Only solving your own problems on your own hardware while being able to rely on your own well-informed team to bridge the gaps sounds much much faster and easier to me.
Sure but you can publish the source code while only solving your own problems on your own hardware, you're not required to provide support and documentation just to publish source code...
There is a significant intrinsic cost to making code "open source", through the simple act of making that source code available at all. This overhead exists without any regard for what you wish or promise. It invites myriad interactions that cost time and money for little or no offsetting benefit.
Publishing source code, if anyone uses it at all, is not "free" in any sense. I know several people that stopped open sourcing their projects (not even businesses) because the cost of making their code available isn't worth it.

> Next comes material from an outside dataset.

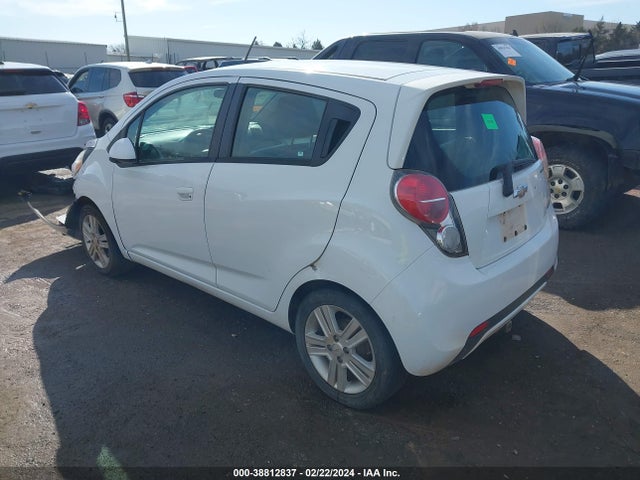Chevrolet Spark 1lt Cvt 2015 KL8CD6S97FC742038 Image 3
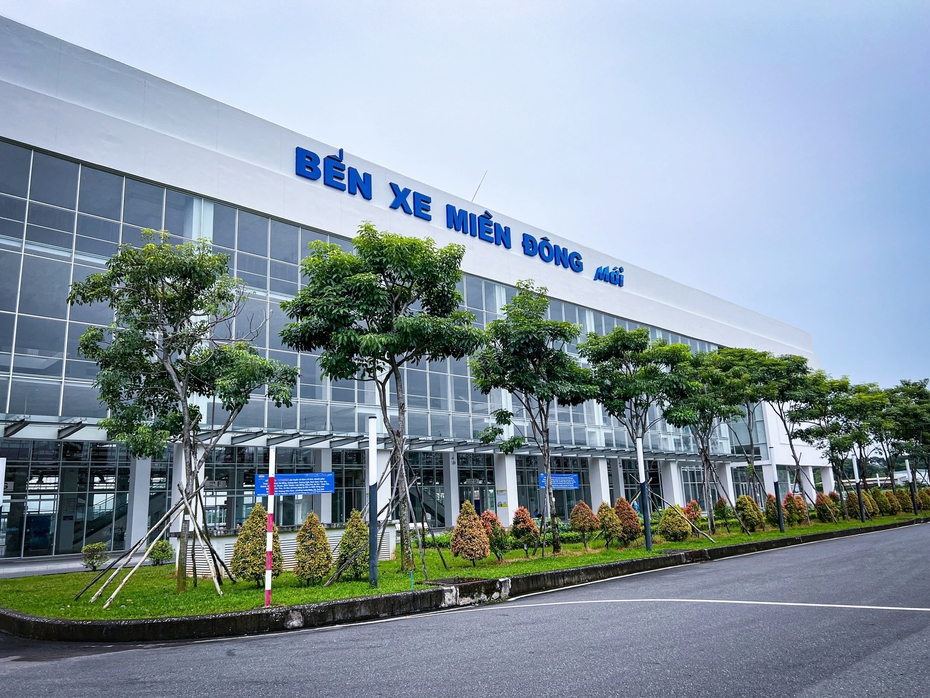 Từ khi đưa vào khai thác đến nay, bến xe Miền Đông mới vẫn luôn đìu hiu, vắng khách và chỉ đạt khoảng 5% công suất sau 4 năm hoạt động. Ảnh minh họa.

Moving the goalposts to doing a great job internally also requires those things. Meanwhile, doing a perfectly fine job of FOSS requires none of them.

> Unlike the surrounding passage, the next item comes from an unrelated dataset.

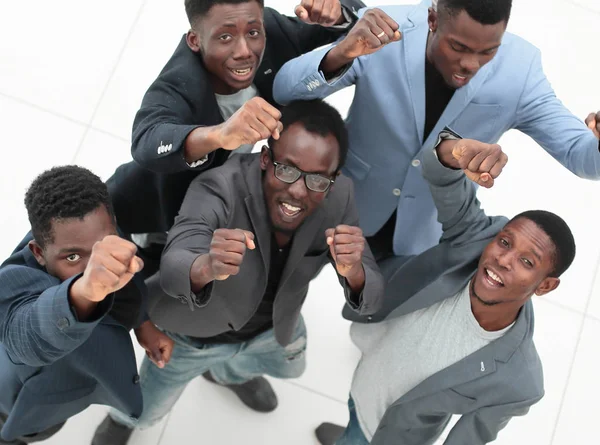 Groep succesvolle jongeren die naar de camera kijken — Stockfoto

I hope code search will one day be offered at a lower price, so small/medium sized companies can use the product. I'll never be able to convince someone to buy it when it's 3 or more time as expensive source code hosting, and would in many cases be most expensive SaaS product per developer seat that the company uses. But it's a great product.

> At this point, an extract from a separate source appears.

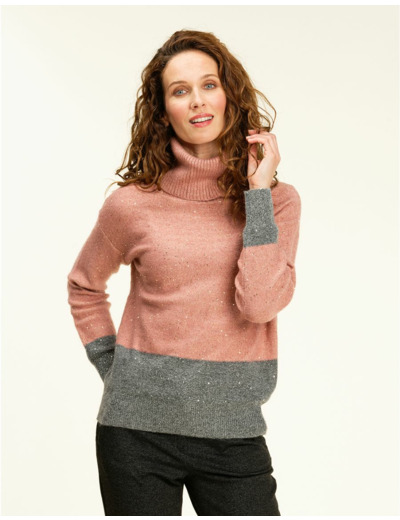 Pull ample col roulé rose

$9 to $20 per seat seems pretty average in the grand scheme of SaaS price modelling. I don't work in software development, but IT however.
"SaaS" is not a feature; you can’t compare products just based on the fact thay they are "SaaS". Gitlab for example brings me far more value than a tool to search my codebase; I wouldn’t put the same amount of money in both.
I feel the same way. It’s really interesting and provides cool insights. But it seems hard to explain to myself to spend more on that than GitHub or IDEs.
I’d like to hear more about the value customers get out of it as I wonder if it’s just groups with unlimited budget.
This is in the cards and thank you for the feedback! (Sourcegraph CTO here)
Correction: Public code on Github.
This looks to be restricted to searching Github only.. even though it had "context:global" on the querystring every hit came from Github, and none seen from Gitlab, Codeberg, Sourcehut and other self-hosted forges (e.g. Forgejo).
I’m sure there are 50 other ways you could categorise all the code that it searches. Nobody said that it exhaustively searches all available open-source code. I’m sure you know that that’s an impossible claim. This isn’t a correction at all. It is, at best, an elaboration. Certainly not worthy of the snark you’re giving. The reality is that GitHub hosts >99% of all open-source source code that anyone really cares about. If you have some philosophical issue with it, that’s fine, but don’t shoot the messenger by attacking individuals.
Yet another person equivocating the concepts of publishing code under an open source license and managing a project in public.
It has to be disingenuous, right? These concepts aren't complicated. I wish they would just say "we want to make more money" and stop polluting open-source discourse.
For business Open source is a business tool. Open source can be a goal, naturally, but for-profit entities have a duty to be profitable (or grow, plowing profits into building). I think there's no shame in saying this. You should not need to be elliptical in your public statements about this move. Everyone knows that this is about protecting your ability to monetize the product, and so it should be, and everyone knows this sort of move comes eventually.
Why not go the SQLite way? Open source but don't accept external contributions. Literally just dump the code.
The open/closed decision is a current weight on my mind right now. Our main competition is an open source product - it feels like it will be a tough sell to not also have the core of the product be free (Robotics framework). I might shoot you an email.